--- HOW TO COMPLETE THIS TASK ---
For this exercise, retype each line of the material below verbatim and omit any picture.

--- DATA SECTION ---
═══

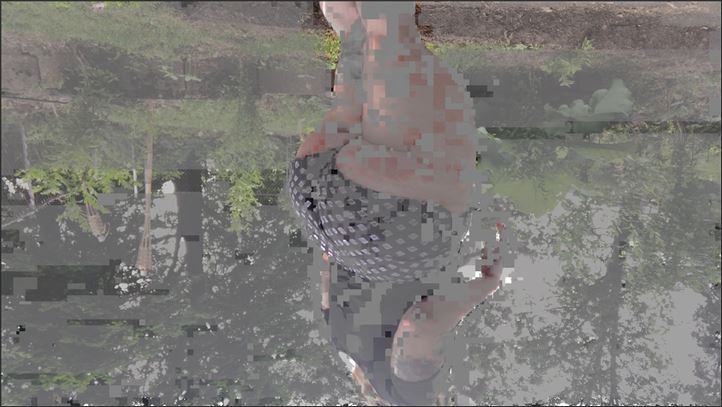 BBW Margot - 2019 06 08 Stretching and jiggling outside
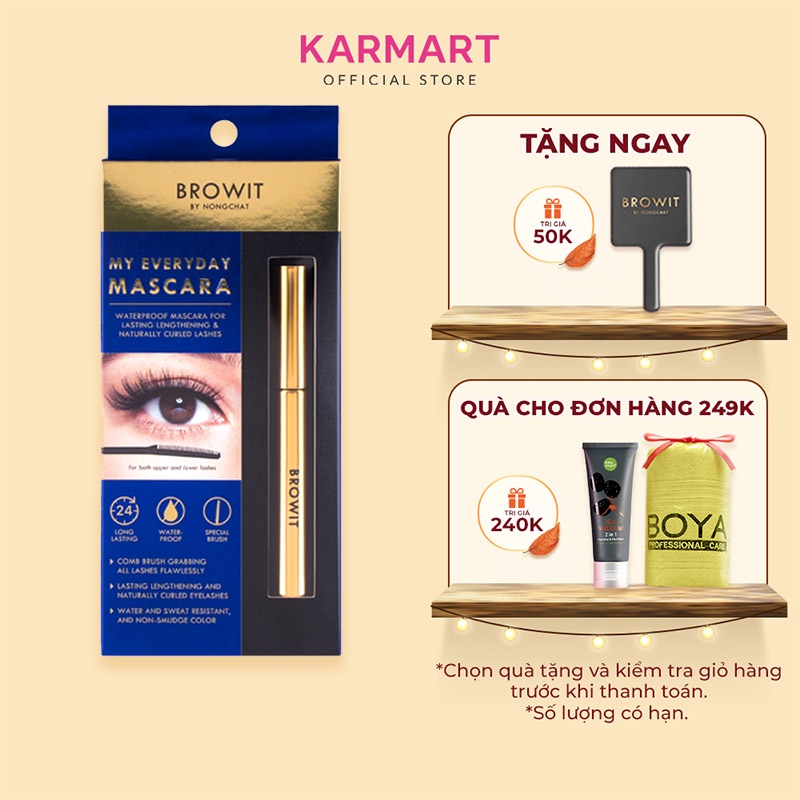 Chuốt kéo dài và cong mi dạng đầu lược Browit My Everyday Mascara 5.5g Endless Night | BigBuy360 - bigbuy360.vn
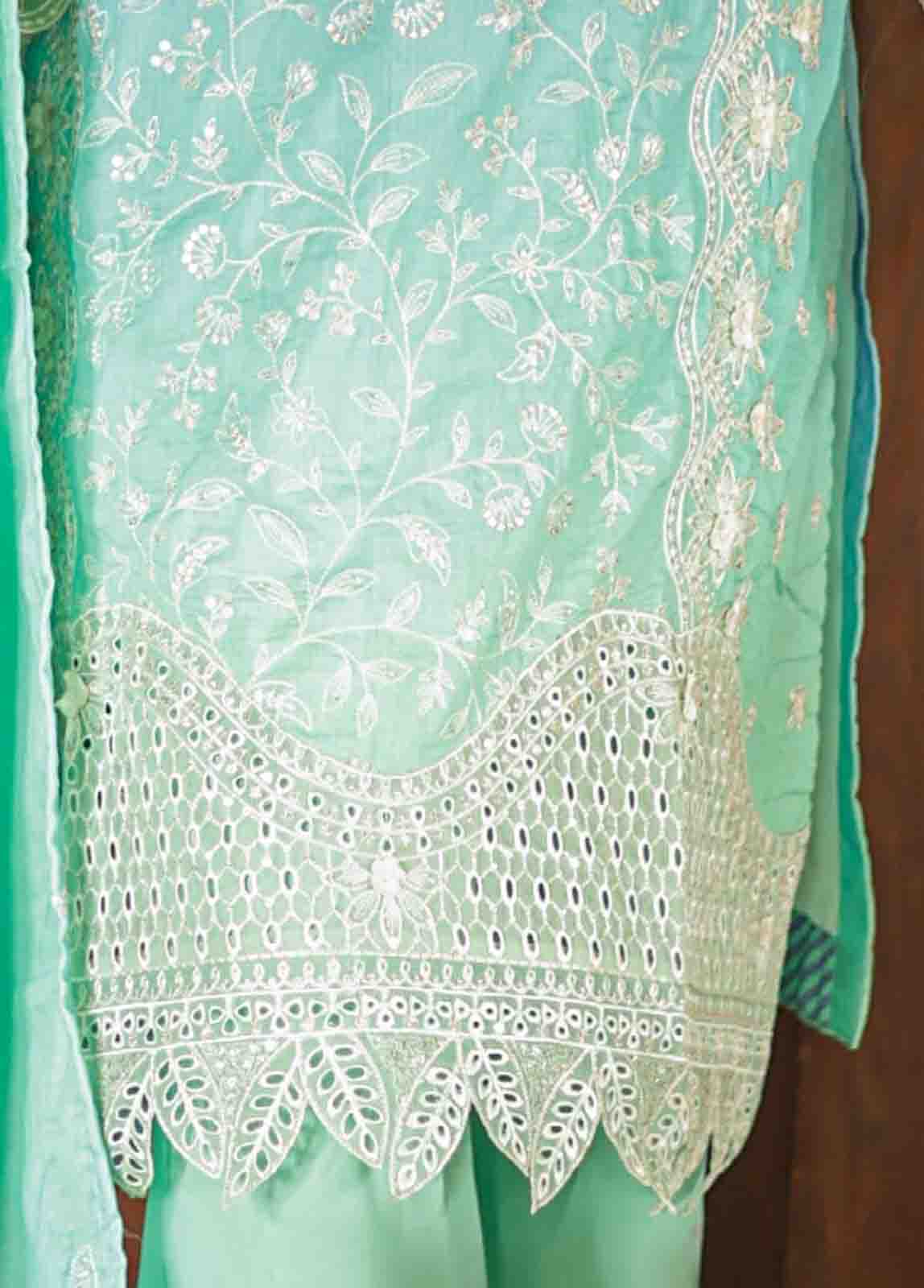 Bin Saeed Fabric - SMLF-0703 B- 3 Piece Embroidered Stitched Suit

═══

--- EXERCISE OUTPUT ---
 BBW Margot - 2019 06 08 Stretching and jiggling outside
 Chuốt kéo dài và cong mi dạng đầu lược Browit My Everyday Mascara 5.5g Endless Night | BigBuy360 - bigbuy360.vn
 Bin Saeed Fabric - SMLF-0703 B- 3 Piece Embroidered Stitched Suit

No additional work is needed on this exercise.